While strong investor interest has been a near-term trigger, there are multiple fundamental factors that should aid its prospects. Demand revival is one such factor for the company, which supplies safety solutions to medium and heavy commercial vehicle (M&HCV) makers. The introduction of BS-VI norms led to an increase in content per vehicle and there is further scope for improvement in realisations.
In addition to this, analysts at ICICI Securities believe the government’s steps to improve procurement of buses and the scrappage policy will help Wabco India. Given the ongoing cyclical recovery and low base, part makers such as Wabco India will be key beneficiaries over the FY21 to FY23 period, says Elara Capital.
Higher exports, led by sourcing from the parent group, is another trigger. Exports account for 30 per cent of the company’s revenues. After the acquisition of US-based Wabco Holdings by ZF Group of Germany last year, the new promoter is looking to increase sourcing of products from the Indian arm.

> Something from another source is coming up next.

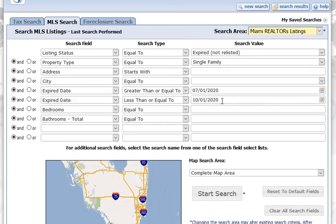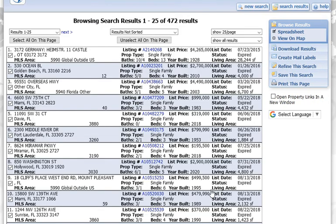You can imagine this as any date range — for example, July 1st 2016 through October 1st 2017 if you wanted. It's just important that you put the greater than and less than ends in to box in the date. Do a start search and there we go — that's expired not relisted searching in IMAP.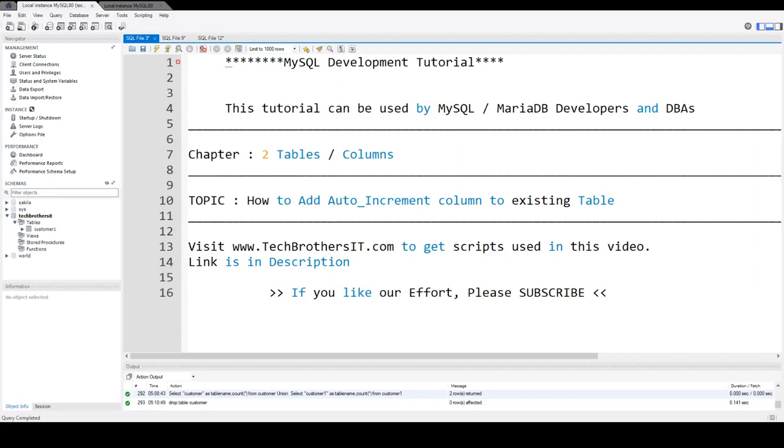Welcome to Tech Brothers with Amir. In this video, we are going to learn how to add auto increment column to existing table in MySQL MariaDB.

The acquisition has expanded the export product portfolio for the Indian outfit.
One of the key reasons that Wabco India would rank higher than other auto component companies is the lower impact from new technology disruption.
Wabco India is at the least risk of electric vehicle disruption as M&HCV will be the last to migrate to the new platform and its product portfolio (braking systems and suspension) is less impacted, according to analysts.
While the prospects are sound, investors will need to keep an eye out for progress on volume growth trajectory in M&HCV segment as well as replacement demand. At the current price, the stock is trading at 52 times its FY22 earnings estimates. Investors can consider the stock on dips.